Any such new Warrant shall constitute an original contractual obligation of the
Company, whether or not the allegedly lost, stolen, mutilated or destroyed
Warrant shall be at any time enforceable by anyone.

         12.      NOTICES, ETC. All notices and other communications required or
permitted hereunder shall be in writing and shall be sent by telex, telegram,
express mail or other form of rapid communications, if possible, and if not then
such notice or communication shall be mailed by first-class mail, postage
prepaid, addressed in each case to the party entitled thereto at the addresses
set forth on the cover page of this Warrant, or at such other address as one
party may furnish to the other in writing. Notice shall be deemed effective on
the date dispatched if by personal delivery, telecopy, telex or telegram, two
days after mailing if by express mail, or three days after mailing if by
first-class mail.

         13.      ACCEPTANCE. Receipt of this Warrant by the Holder shall
constitute acceptance of and agreement to all of the terms and conditions
contained herein.

         14.      GOVERNING LAW. This Warrant and all rights, obligations and
liabilities hereunder shall be governed by the laws of the State of Colorado.





                  [REMAINDER OF PAGE INTENTIONALLY LEFT BLANK]

                                      A-6

<PAGE>   7




         IN WITNESS WHEREOF, the Company has caused this Warrant to be executed
by its duly authorized officer on December 16, 1999, effective as of September
24, 1999.

                                                 BOLDER TECHNOLOGIES CORPORATION


                                                 By:
                                                    ----------------------------
                                                 Name:
                                                 Title:



ATTEST:



- ---------------------------
Secretary




                        WARRANT TO PURCHASE COMMON STOCK



<PAGE>   8







                               NOTICE OF EXERCISE

TO:  BOLDER TECHNOLOGIES CORPORATION



         (1)      The undersigned hereby elects to purchase ________ shares of
the Common Stock of BOLDER Technologies Corporation (the "Company") pursuant to
the terms of the attached Warrant, and tenders herewith payment of the exercise
price in full, together with all applicable transfer taxes, if any.

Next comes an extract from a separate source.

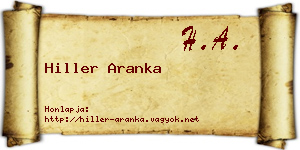 Hiller Aranka névjegykártya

         (2)      Please issue a certificate or certificates representing said
shares of Common Stock in the name of the undersigned or in such other name as
is specified below:


                            ------------------------
                                     (Name)


                            ------------------------
                            ------------------------
                                    (Address)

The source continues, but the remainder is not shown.